Song by Ray Lynch

from the album Deep Breakfast
- Released: December 12, 1984
- Genre: New-age
- Length: 4:37
- Songwriter: Ray Lynch

Audio sample
- file; help;

= Celestial Soda Pop =

"Celestial Soda Pop" is a song by American new-age musician Ray Lynch for his second album, Deep Breakfast.

==Composition==
The song was composed in C♯ minor and features a repetitive progression performed on a synthesizer.

==Reception==
In reviewing Lynch's album No Blue Thing, Keith Tuber of Orange Coast called "Celestial Soda Pop" "irresistible." Meanwhile, in reviewing Deep Breakfast, P.J. Birosik of Yoga Journal called "Celestial Soda Pop" a "wonderfully memorable little tune". Steve Korte of CD Review referred to the song as "a standard that you've probably heard dozens of times in your local supermarket or dentist's office". However, John Schaefer, author of New Sounds: A Listener's Guide to New Music, referred to the piece as a "vacuous title" and claimed that Lynch possesses "limited ability on the synthesizer".

==Remixes==
In 1998, Ray Lynch produced a techno remix of "Celestial Soda Pop" for his compilation album, Best Of, Volume One. The song was later remixed by Boreta of the Glitch Mob in 2015.

==In popular culture==
In 1986, "Celestial Soda Pop" was used as a theme song for the NPR show Fresh Air.
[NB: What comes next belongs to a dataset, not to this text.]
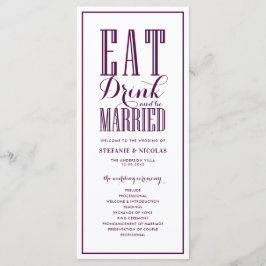 Programa Boda Comer Beber y estar Casado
The track was also featured in the 1987 documentary film, Downwind/Downstream. On May 26, 1990, Joel Selvin of the San Francisco Chronicle commented that the use of the song by NPR probably caused Deep Breakfast to have a "considerable boost" in sales. In 1991, the Stone Mountain Laser Show near Atlanta began using "Celestial Soda Pop" as one of the tracks in the show, set to animated shapes and colors.